Deleting all indexes ... Done


In [10]:
# creating an index
index_name = 'churchill-speech'
if index_name not in pinecone.list_indexes():
    print(f'Creating index {index_name} ...')
    pinecone.create_index(index_name, dimension=1536, metric='cosine')
    print('Done!')

Creating index churchill-speech ...
Done!


In [11]:
vector_store = Pinecone.from_documents(chunks, embeddings, index_name=index_name)

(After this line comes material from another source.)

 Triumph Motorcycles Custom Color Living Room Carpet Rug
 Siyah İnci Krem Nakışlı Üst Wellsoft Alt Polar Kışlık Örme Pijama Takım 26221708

### Asking Questions (Similarity Search)

In [12]:
query = 'Where should we fight?'
result = vector_store.similarity_search(query)
print(result)

[Document(page_content='shall fight on the beaches, we shall fight on the landing grounds, we shall fight in the fields and', metadata={}), Document(page_content='front, now on that, fighting', metadata={}), Document(page_content='end, we shall fight in France, we shall fight on the seas and oceans, we shall fight with growing', metadata={}), Document(page_content='When we consider how much greater would be our advantage in defending the air above this Island', metadata={})]


In [13]:
for r in result:
    print(r.page_content)
    print('-' * 50)

shall fight on the beaches, we shall fight on the landing grounds, we shall fight in the fields and
--------------------------------------------------
front, now on that, fighting
--------------------------------------------------
end, we shall fight in France, we shall fight on the seas and oceans, we shall fight with growing
--------------------------------------------------
When we consider how much greater would be our advantage in defending the air above this Island
--------------------------------------------------


### Answering in Natural Language using an LLM

In [14]:
from langchain.chains import RetrievalQA
from langchain.chat_models import ChatOpenAI

llm = ChatOpenAI(model='gpt-3.5-turbo', temperature=1)

retriever = vector_store.as_retriever(search_type='similarity', search_kwargs={'k': 3})

chain = RetrievalQA.from_chain_type(llm=llm, chain_type="stuff", retriever=retriever)


In [15]:
query = 'Where should we fight?'
answer = chain.run(query)
print(answer)

We should fight on the beaches, on the landing grounds, in the fields, in France, on the seas and oceans.


In [16]:
query = 'Who was the king of Belgium at that time?'
# query = 'What about the French Armies??'
answer = chain.run(query)
print(answer)

The king of Belgium at that time was King Leopold.